C’est comme ça que tu te retrouves avec Just Blaze ou Kerri Chandler avec un verre de saké à quatre heure du matin pour parler de la meilleure manière de faire sonner un kick, ou au petit déjeuner avec Richie Hawtin qui te demande si tu as vu passer Nina Kravitz… Ça paraît surréaliste dit comme ça, mais sur le coup tout était très naturel et spontané. Rajoutes à tout ça le fait que tu es dans une ville hors norme à l’autre bout du monde, que tu évolues dans une structure sur mesure qui dispose de moyens quasi-illimités, le tout avec avec une équipe de passionnés qui se met en quatre juste pour toi. Je te caches pas que le retour à la réalité a été assez brutal. Mais un mois plus tard, je quittai les Beaux-Arts pour me consacrer exclusivement à la musique, sans aucune garantie que ça fonctionne. Il fallait que je tente le truc. Trois mois plus tard, je trouvai un label et un tourneur. Le truc c’est qu’après tout ça, je ne suis toujours pas fan du RedBull pour autant …

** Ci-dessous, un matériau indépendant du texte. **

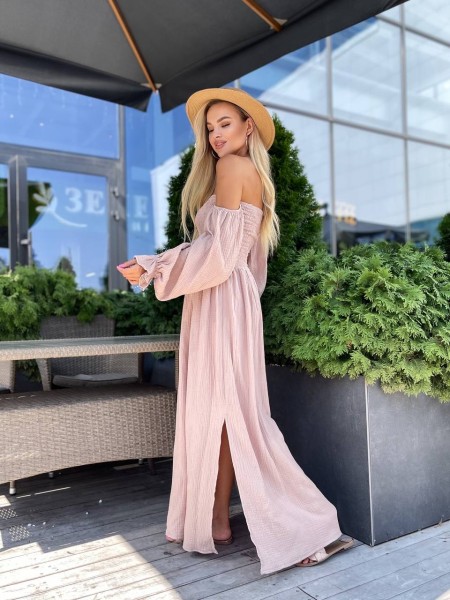 Довга муслінова сукня пудрового кольору 31986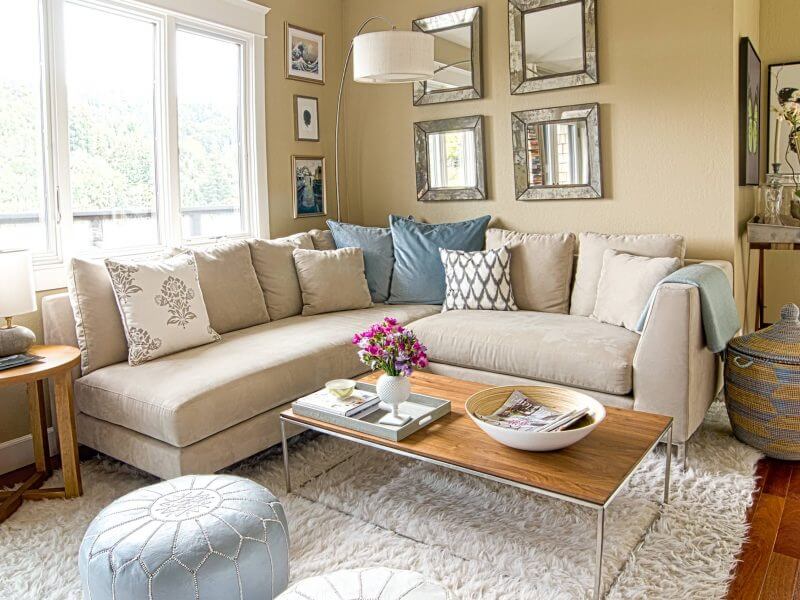ديكورات باللون البيج تعزز أناقة منزلك 15-beige-living-room-design-ideas-homebnc-1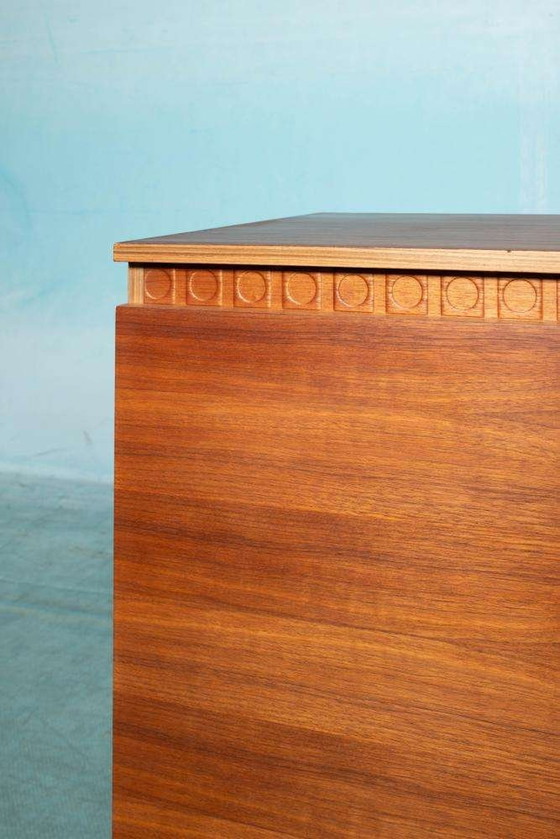 Image 1 of Japandi walnoot dressoir gerenoveerd, midmod 70s sideboard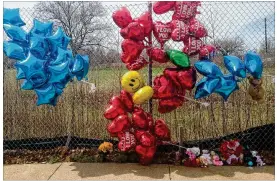  ?? MIKE HOUSEHOLDE­R / AP ?? A makeshift memorial sits along a fence near where Robert Godwin Sr. was shot dead in Cleveland on Sunday afternoon while collecting aluminum cans. Police said Steve Stephens killed Godwin and posted a video of it on Facebook.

https://soundcloud.com/douchka/from-tokyo-with-love-red-bull-studio-megamix

J’ai lu que tu essayais de travailler au maximum le live. Sur quoi travailles-tu particulièrement ?

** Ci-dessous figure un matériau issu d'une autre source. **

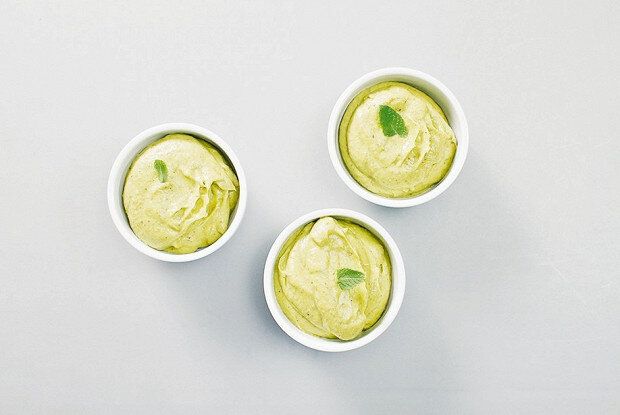 Нежный фисташковый мусс с авокадо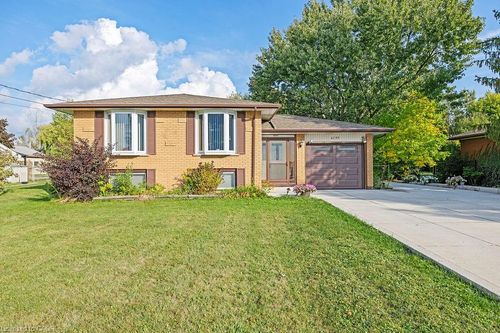 4299 Glancaster Rd, Mount Hope, ON, L0R1W0 | Card Image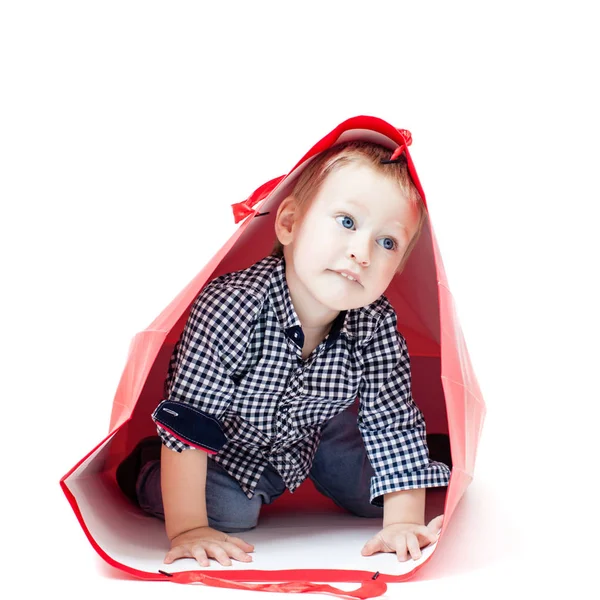 El chico dentro del paquete — Foto de Stock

Développer un set live est vraiment quelque chose qui me tenait à coeur depuis un moment. C’était encore au stade “rodage” il y a six mois quand j’ai fais la première partie de Fakear à l’Olympia. Quand j’ai composé ce dernier maxi, Together, je me suis vraiment appliqué à sortir du registre club pour proposer quelque chose de résolument plus pop. Ca ne me dérange pas du tout d’employer ce terme. Je pense qu’on peut faire de la musique électronique en reprenant l’essence même des codes de la musique pop. C’est pour ça que les morceaux de ce dernier opus s’apparentent plus à des “chansons” sur le format qu’à des singles taillés sur mesure pour les DJs. Je respecte énormément cette pratique car j’en suis issu, mais je voulais vraiment tester autre chose, et aussi me mettre en danger. Les dj-sets j’adore ça, mais j’ai déjà fais pas mal le tour de la question. J’ai joué plusieurs fois devant une vingtaine de personnes en warm-up comme à deux heures du matin quand l’ambiance bat son plein dans de superbes spots.

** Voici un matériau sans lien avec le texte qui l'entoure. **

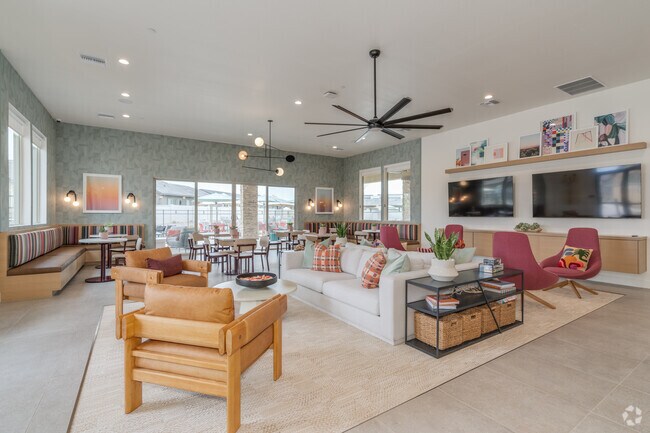 Interior Photo - Village at Sonoran Vista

Je connais l’exercice et même si je l’apprécie toujours autant mais j’ai besoin d’exprimer ma musique autrement. C’est en discutant avec des gens comme la Fine Équipe ou encore Fakear que j’ai pu comprendre que c’était le meilleur moyen pour moi de jouer ma propre musique sur scène, chose que je fais très rarement en dj-set. L’avantage avec le live, c’est que tu as aussi une réelle part d’improvisation, de feeling sur le moment où tu joues. C’est sur ce point que je travaille le plus car je ne suis pas musicien et j’ai encore un peu de mal à me lâcher complètement, même quand le public est vraiment dedans. Je continue donc dans cette voie, et toutes les dates qui arrivent pour la tournée de printemps seront uniquement des dates lives. Ça me pousse vraiment à vouloir développer le set de plus en plus, et à composer des morceaux uniquement pour le live.